*DATA UNDER STUDY*:
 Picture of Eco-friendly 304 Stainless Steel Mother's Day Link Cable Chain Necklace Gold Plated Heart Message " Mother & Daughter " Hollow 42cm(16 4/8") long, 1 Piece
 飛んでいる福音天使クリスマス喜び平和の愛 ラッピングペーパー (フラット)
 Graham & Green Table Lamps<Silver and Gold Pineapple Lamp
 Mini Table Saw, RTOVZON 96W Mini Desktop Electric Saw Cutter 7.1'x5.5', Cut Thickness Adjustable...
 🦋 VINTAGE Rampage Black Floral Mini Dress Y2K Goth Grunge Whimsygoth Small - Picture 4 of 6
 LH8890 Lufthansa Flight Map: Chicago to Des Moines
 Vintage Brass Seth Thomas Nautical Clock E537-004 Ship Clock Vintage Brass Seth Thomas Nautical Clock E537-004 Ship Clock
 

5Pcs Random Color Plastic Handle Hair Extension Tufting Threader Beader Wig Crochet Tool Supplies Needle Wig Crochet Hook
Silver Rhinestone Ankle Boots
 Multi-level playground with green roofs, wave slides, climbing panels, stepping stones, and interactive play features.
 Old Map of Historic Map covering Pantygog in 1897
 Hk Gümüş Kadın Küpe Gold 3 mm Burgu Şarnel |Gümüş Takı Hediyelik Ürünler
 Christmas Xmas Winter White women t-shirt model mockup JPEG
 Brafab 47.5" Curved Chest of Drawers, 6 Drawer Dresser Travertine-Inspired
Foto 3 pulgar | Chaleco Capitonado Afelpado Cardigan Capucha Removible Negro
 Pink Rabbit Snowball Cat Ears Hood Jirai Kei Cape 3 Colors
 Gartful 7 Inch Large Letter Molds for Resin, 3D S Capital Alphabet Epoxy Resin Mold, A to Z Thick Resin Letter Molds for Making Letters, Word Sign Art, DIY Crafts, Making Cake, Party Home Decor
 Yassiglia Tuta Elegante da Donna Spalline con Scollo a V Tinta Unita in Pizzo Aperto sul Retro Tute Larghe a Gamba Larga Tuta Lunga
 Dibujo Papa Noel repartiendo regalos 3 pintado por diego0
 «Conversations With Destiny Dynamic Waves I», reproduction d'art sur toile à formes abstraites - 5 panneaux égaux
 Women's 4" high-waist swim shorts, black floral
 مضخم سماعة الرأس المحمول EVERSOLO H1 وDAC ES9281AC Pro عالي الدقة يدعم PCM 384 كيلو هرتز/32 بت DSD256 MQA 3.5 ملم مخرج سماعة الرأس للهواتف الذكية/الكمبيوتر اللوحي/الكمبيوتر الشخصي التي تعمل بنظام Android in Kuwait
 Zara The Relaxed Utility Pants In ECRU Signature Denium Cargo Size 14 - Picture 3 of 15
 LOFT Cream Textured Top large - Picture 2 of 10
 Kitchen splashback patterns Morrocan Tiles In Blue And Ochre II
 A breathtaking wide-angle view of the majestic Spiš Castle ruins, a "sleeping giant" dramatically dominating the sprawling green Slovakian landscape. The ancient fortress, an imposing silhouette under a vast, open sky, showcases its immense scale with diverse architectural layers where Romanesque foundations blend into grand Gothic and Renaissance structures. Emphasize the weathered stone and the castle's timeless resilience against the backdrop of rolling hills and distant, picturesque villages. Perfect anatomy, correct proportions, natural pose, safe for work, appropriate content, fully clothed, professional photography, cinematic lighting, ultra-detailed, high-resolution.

*EXERCISE AIM*:
Could you write out, exactly as they stand, only the lines above that begin at the line with "Silver Rhinestone Ankle Boots" and stop after the line with "Christmas Xmas Winter"?

*TASK ANSWER*:
Silver Rhinestone Ankle Boots
 Multi-level playground with green roofs, wave slides, climbing panels, stepping stones, and interactive play features.
 Old Map of Historic Map covering Pantygog in 1897
 Hk Gümüş Kadın Küpe Gold 3 mm Burgu Şarnel |Gümüş Takı Hediyelik Ürünler
 Christmas Xmas Winter White women t-shirt model mockup JPEG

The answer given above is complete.